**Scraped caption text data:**
┏━━

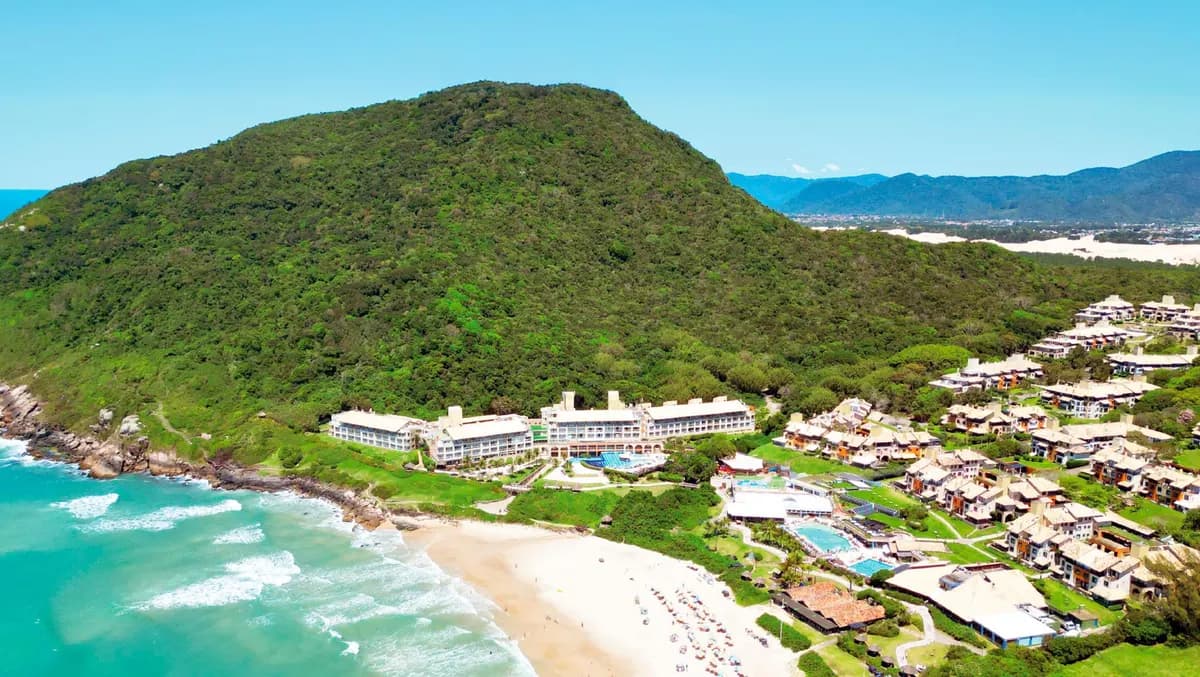 Praia do Santinho vista do resort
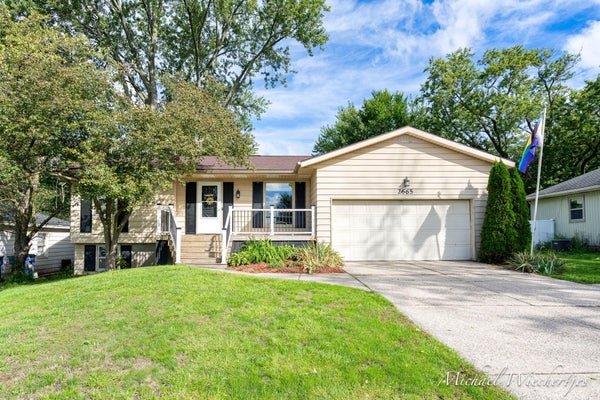 2665 BURTON ST SE, GRAND RAPIDS, MI 49546 - Image b9d4dea8cc7a10c31adf16ea9de72fc0/591989404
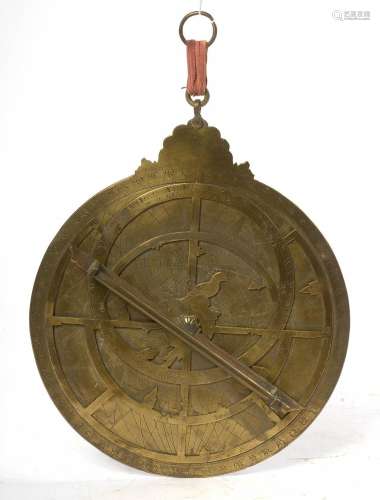 Grand astrolabe en laiton ciselé muni en son centre d'un...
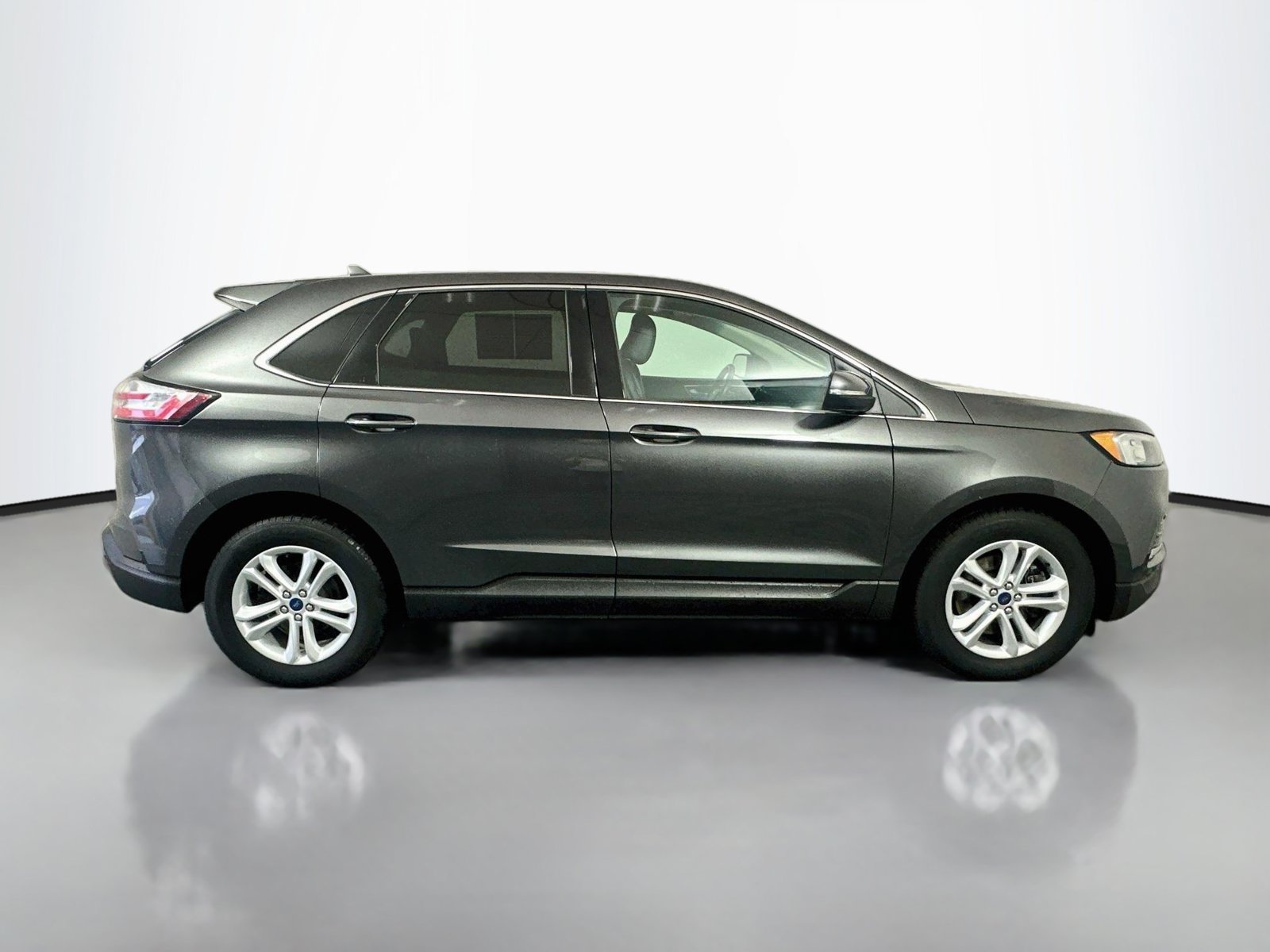 Used 2020 Ford Edge SEL w/ Convenience Package AWD/4WD image 8
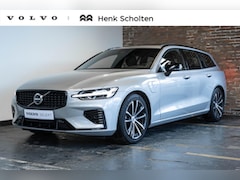 Volvo V60 - T6 Plug-in hybrid AWD Plus Dark | Verwarmbare Voorstoelen (met geheugen), Stuurwiel en Ach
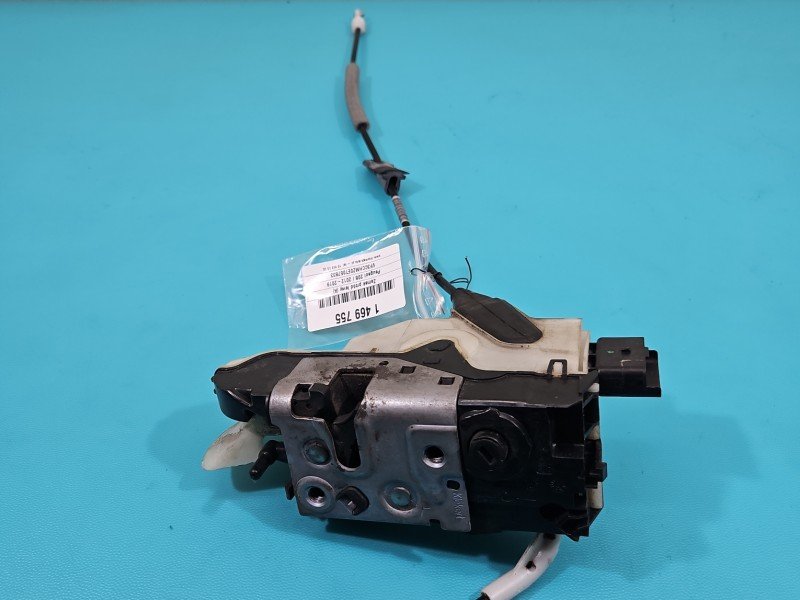 Zamek przód lewy Peugeot 208 I EUROPA Peugeot, 6 pin Zamek przód lewy Peugeot 208 I EUROPA Peugeot, 6 pin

┗━━

**WHAT TO WORK ON:** Send back the data above verbatim, leaving out its pictures.

**WRITTEN REPLY:**
 Praia do Santinho vista do resort
 2665 BURTON ST SE, GRAND RAPIDS, MI 49546 - Image b9d4dea8cc7a10c31adf16ea9de72fc0/591989404
 Grand astrolabe en laiton ciselé muni en son centre d'un...
 Used 2020 Ford Edge SEL w/ Convenience Package AWD/4WD image 8
 Volvo V60 - T6 Plug-in hybrid AWD Plus Dark | Verwarmbare Voorstoelen (met geheugen), Stuurwiel en Ach
 Zamek przód lewy Peugeot 208 I EUROPA Peugeot, 6 pin Zamek przód lewy Peugeot 208 I EUROPA Peugeot, 6 pin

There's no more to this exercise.